Novel homobarringtonie-containing therapy for the treatment of patients with primary acute myeloid leukemia that are resistant to conventional therapy.

The current study investigated the efficacy and safety of a novel treatment regime consisting of homobarringtonie, cytosine arabinoside and etoposide (HCE) for the treatment of primary acute myeloid leukemia (AML). In the present study, 141 patients diagnosed with AML were divided into the HCE (n=47) and the conventional AML therapy, consisting of idamycin combined with cytarabine (IA; n=94), treatment groups. The measured patient outcome parameters were the emission and response rates, as well as medication-induced adverse events, with a median follow-up time of 28 months. There was no significant difference in the 3-year relapse-free survival rate between the HCE and IA treatment groups.
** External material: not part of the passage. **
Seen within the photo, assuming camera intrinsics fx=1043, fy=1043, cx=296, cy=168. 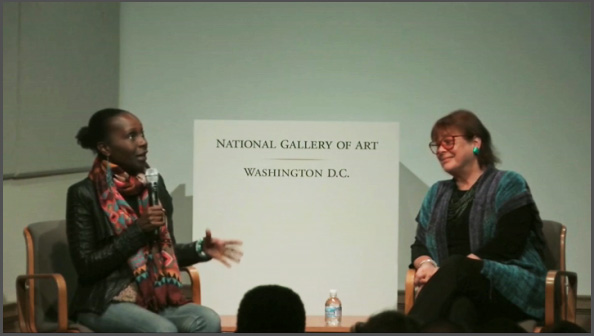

The occurrence and severity of hematological or non-hematological toxicity did not differ between the two groups. However, of the 26 patients that demonstrated a poor response to the IA treatment, 19 cases were administered the HCE treatment and 14 of these patients achieved complete remission (CR). Of the 10 patients that demonstrated a poor response to the HCE treatment, 8 patients were administered the IA treatment and 7 of these achieved CR. Therefore, HCE may be an effective treatment regimen for patients with primary AML. As there was no cross-resistance between the HCE and IA regimens, HCE may be an alternative option for patients that respond poorly to IA induction therapy.